International Conference on Wound Care, Tissue Repair and Regenerative Medicine
February 25-26, 2019 | Prague, Czech Republic

Sylvie Hampton

Wound Care Consultants Ltd, UK

Scientific Tracks Abstracts: Clin Pediatr Dermatol

Abstract:

Myelodysplastic syndromes (MDS) are a group of cancers in which immature blood cells in the bone marrow do not mature and therefore do not become healthy blood cells.
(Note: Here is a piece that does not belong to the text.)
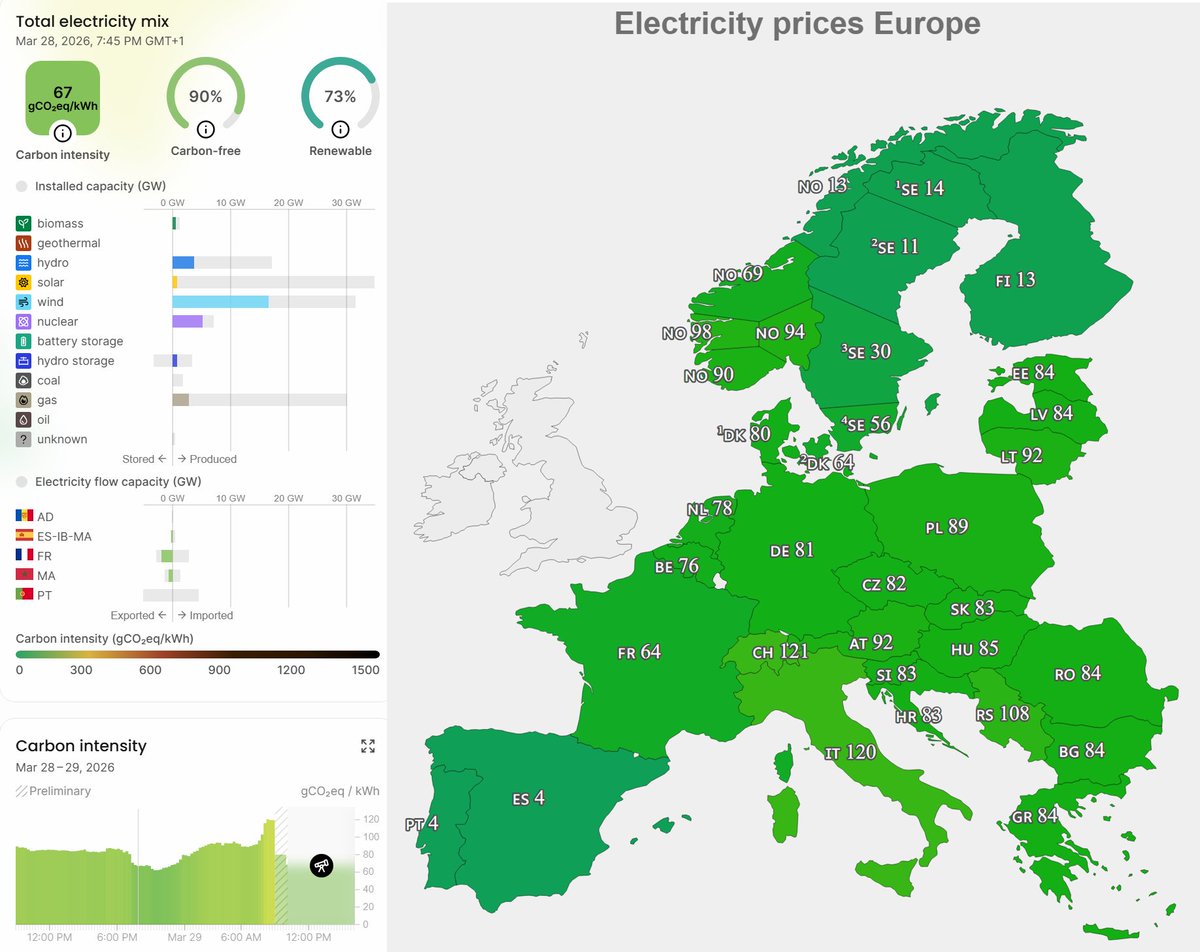 Robert R tweet media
Mr H had developed MDS six years previously which had been in remission for years. MDS returned in Jul’ 2016 and he stopped eating. For a year, he ate nothing solid. Nourishment was given in fluids. Hb varied between 50 and 70 and he had received blood transfusions weekly. White cells were extremely low which meant healing would be negligible and clinical infection is a high potential. In Apr’ 2018, he was admitted to hospital with pneumonia. While in hospital he acquired flu, a pressure ulcer (Grade 4 sacrum), C-Diff (appalling diarrhoea) and lost all mobility as he was not permitted to go out of bed for 3.5 weeks. He also developed sepsis (Pseudomonas) which resulted in large black ulcers across his back and scrotum. Because of the MDS, he should not have healed and the potential of infection, due to low white cell count, should have been a very high risk and yet he healed. Three dressings were used in healing these wounds. The first was a dressing pad that contained Ringer’s solution. Used on the sacrum from commencement to healed. The second used on the abscess over the back was the pad that contained Ringer’s solution, used to debride the wound and clean it. Then an activated carbon dressing used until healed. The third was a sheet gel dressing. This was used on all abscesses over the scrotum as it was the only dressing that would remain in situ. All of these wounds healed very successfully with this treatment. It is vital that the condition of the patient is taken into account when deciding on dressings. One dressing would not have cured all wounds.

Biography :

Independent TVNC Sylvie Hampton has 25 years of experience in wound care: four years as Enthusiast, five years as Specialist Nurse in a hospital and 16 years as Independent Consultant running a private wound healing centre commissioned by the NHS to care for chronic wounds. She has written 400 articles and two books on wound care. She was a Trainer and advising nursing homes, District Nursing Teams, Practice Nurses and Hospital Nurses and also acting as an Expert witness. She has been working as a Specialist Adviser for CQC. She undertakes research in wound care /pressure ulcer prevention. She is a Consultant for Lindsay Leg Club Foundation and Marie Curie Hospice movement. Educator, organising study days and conferences.